I’ve always been drawn to Gothic cathedrals. These medieval works of art represent one of the pinnacles of human ingenuity and creativity. Designers, laborers, and craftsmen worked for decades, in some cases centuries, to complete these massive projects.

My personal favorite is Chartres Cathedral in France. Built from 1194-1260, it’s one of the oldest Gothic cathedrals. Chartres is famous for several iconic features, including its beautiful stained-glass windows, a medieval labyrinth, and a purported relic of the Virgin Mary’s tunic.

Consider the mindset of the artists who built Gothic cathedrals. They worked to build something they knew would outlive them—not only by decades but by centuries.

That’s a stark contrast to today’s creative world, where we don’t normally think in centuries or decades, or even years. We think in weeks and days, hours and moments.

Today, most of our creative work is designed for quick consumption. We share social media posts that we hope gets “liked” within 30 minutes. We publish blog posts, podcasts, and videos that we hope go viral within a few days. We release books, movies, and albums and hope they will be seen or downloaded thousands (or millions) of times in a few months.

I’m not saying those things are bad. I engage in all those mediums, and more. But is there a way to balance the need for relevance and timeliness with a more long-term perspective on our creative work?

Maybe a better way to frame the question is: Will your art outlive you?

I’ve come to three conclusions about creating art that outlives us. These are imperatives we must follow if we want to make an impact over the long haul.

1. Take the long view of your art.

It’s easy to get frustrated when something we create isn’t an immediate hit. But what truly counts is not any individual work, but a body of work that is created over a lifetime. Think about artists such as Steven Spielberg, The Beatles, or Stephen King. If they had stopped after one hit, would we remember them?

Perhaps. But they kept going, even through failures, and today they are known as creative giants.

It’s not about one blog post, book, painting, or album. It’s the collective impact that your work makes over the years and decades. That means we can embrace failure as a learning point and decide to improve the next time we launch something.

2. Make something physical.

I know some creatives who work in purely digital formats will disagree with me, and that’s OK. But I would pose a question: How will someone 100 years from now experience your art?

Blogs, podcasts, digital music and photos, and online courses are great … but will your great-grandchildren be able to interact with those?
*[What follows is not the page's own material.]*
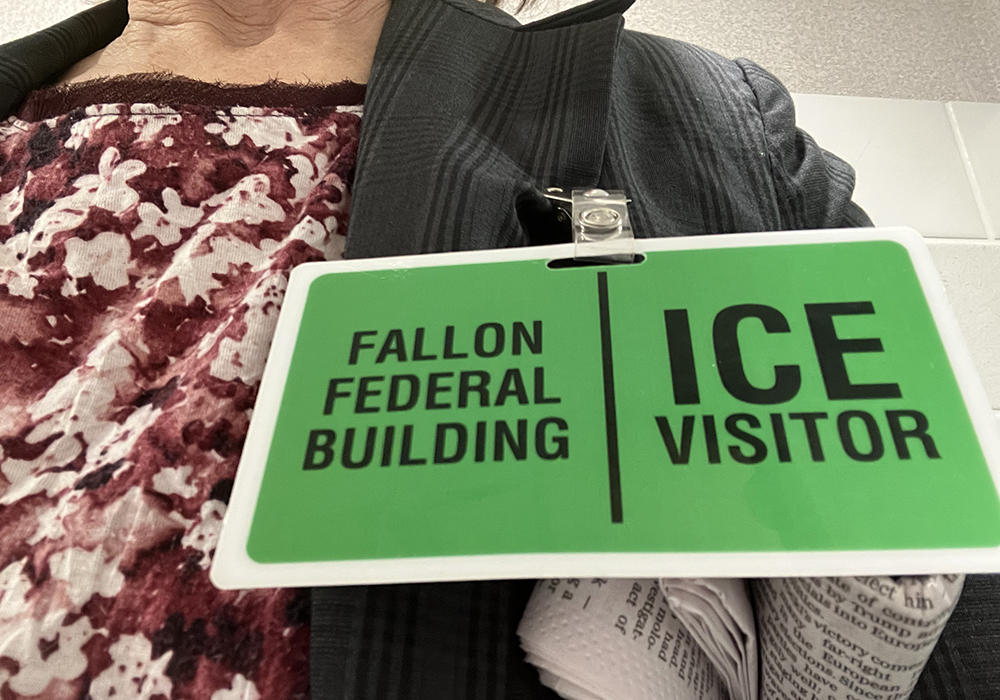 An ID badge for a visitor at George H. Fallon Federal Building in Baltimore, a check-in field office for the U.S. Immigrations and Customs Enforcement. (NCR photo/Patricia Zapor)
Will they even know your art existed?

No one can predict what the technology of the future will be like. That’s why I believe it’s important to create something physical that can be passed down to future generations.

One of my most treasured possessions is a tattered notebook that my grandmother Louise used to write her poetry. She died when I was three years old, but when I look through the notebook at her poems—many of which are quite good—it’s almost like she’s there with me.

That’s something you can’t get on a computer screen.

3. Focus on being a producer, not a consumer.

This is an area where I struggle quite a bit. I subscribe to too many email lists, buy too many books, and attend too many webinars. It’s easy to spend all your time consuming, and too little time creating.

One of the most helpful things I’ve read recently is a short article by Srinivas Rao, Why I Write 1,000 Words Every Day. He refers to this as a keystone habit that unlocks many other good things. Another recent article that was super helpful is by Mark McGuinness, Forget the Career Ladder: Start Creating AssetsThese articles have pushed me to stop consuming so much and start creating more. 

The key to long-term success—and the key to leaving something behind for future generations—is producing quality work. But we can’t do that if we’re constantly consuming and never producing.

It’s difficult to focus on the long-term because there are so many distractions in the present. But for the sake of our legacies, and especially for the sake of future generations, we must begin taking a longer view of our lives and creative work.